Case Studies and Recipes
This chapter presents real-world integration scenarios and reusable transformation recipes. Each case study shows the architecture, the transformation code, and the results. The recipes are standalone patterns you can copy and adapt.
Case Study 1: European E-Invoicing (Peppol / UBL)
Scenario: A Dutch wholesale distributor (200 employees, 850 B2B customers) must comply with EU Directive 2014/55 — all B2G invoices in UBL 2.1 XML via the Peppol network.
Source: Dynamics 365 Business Central (OData JSON). Target: UBL 2.1 XML, delivered via Peppol BIS 3.0 Access Point.
Architecture:

Use Case 1 — Dynamics 365 → Service Bus → UTL-X Container App → Peppol Access Point.
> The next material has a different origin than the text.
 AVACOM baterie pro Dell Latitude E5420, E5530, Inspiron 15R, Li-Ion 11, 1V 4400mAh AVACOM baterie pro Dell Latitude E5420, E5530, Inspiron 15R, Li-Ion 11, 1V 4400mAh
Three hot-reloadable transformations handle invoice mapping, validation, and country-specific routing.

Use Case 1 — The UTL-X transformation in detail: Dynamics 365 JSON input (left), invoice-to-ubl.utlx transformation (center), UBL 2.1 XML output (right).
Transformation highlights:
%utlx 1.0
input odata
output xml
---
let inv = $input
function VATCategory(countryCode) {
if (countryCode == "NL") "S"
else if (contains(["BE", "DE", "FR", "IT", "ES"], countryCode)) "S"
else "O"
}
function FormatAmount(amount, currency) {
{"@currencyID": currency, "_text": toString(round(amount * 100) / 100)}
}
{
"Invoice": {
"@xmlns": "urn:oasis:names:specification:ubl:schema:xsd:Invoice-2",
"@xmlns:cbc": "urn:oasis:names:specification:ubl:schema:xsd:CommonBasicComponents-2",
"@xmlns:cac": "urn:oasis:names:specification:ubl:schema:xsd:CommonAggregateComponents-2",
"cbc:CustomizationID": "urn:cen.eu:en16931:2017#compliant#urn:fdc:peppol.eu:2017:poacc:billing:3.0",
"cbc:ID": inv.invoicenumber,
"cbc:IssueDate": formatDate(now(), "yyyy-MM-dd"),
"cbc:InvoiceTypeCode": "380",
"cbc:DocumentCurrencyCode": inv.transactioncurrencyid?.isocurrencycode ?? "EUR",
"cac:InvoiceLine": map(inv.invoice_details ?? [], (line) -> {
"cbc:ID": toString(line.sequencenumber ?? 1),
"cbc:InvoicedQuantity": {"@unitCode": "EA", "_text": toString(line.quantity ?? 1)},
"cbc:LineExtensionAmount": FormatAmount(line.extendedamount ?? 0, "EUR"),
"cac:Item": {"cbc:Name": line.productdescription ?? "Product"},
"cac:Price": {"cbc:PriceAmount": FormatAmount(line.priceperunit ?? 0, "EUR")}
})
}
}Results:

Use Case 1 — Business impact: before vs after UTL-X, with production numbers after 6 months.
2,147 invoices/day, 14ms average latency
99.97% Peppol Access Point acceptance rate
Cost: €85/month (UTL-X + Azure compute)
Savings: €44,000/year vs previous solution (12 custom Azure Functions in C#)
Case Study 2: Healthcare — FHIR Integration
Scenario: A Dutch academic hospital (1,200 beds) must exchange patient data via FHIR R4 for the MedMij/VIPP national health information exchange program.
Sources: Lab system (HL7 v2 → JSON via Mirth), Radiology (DICOM SR → JSON), EHR (proprietary JSON), Pharmacy (HL7 v2.5 → JSON). Target: FHIR R4 Bundles via the NUTS network.
Architecture:

Use Case 2 — Four source systems (Lab, Radiology, EHR, Pharmacy) → Service Bus → UTL-X Container App → FHIR Server → NUTS Network. All processing stays inside the hospital's Azure tenant for GDPR + NEN 7510 compliance.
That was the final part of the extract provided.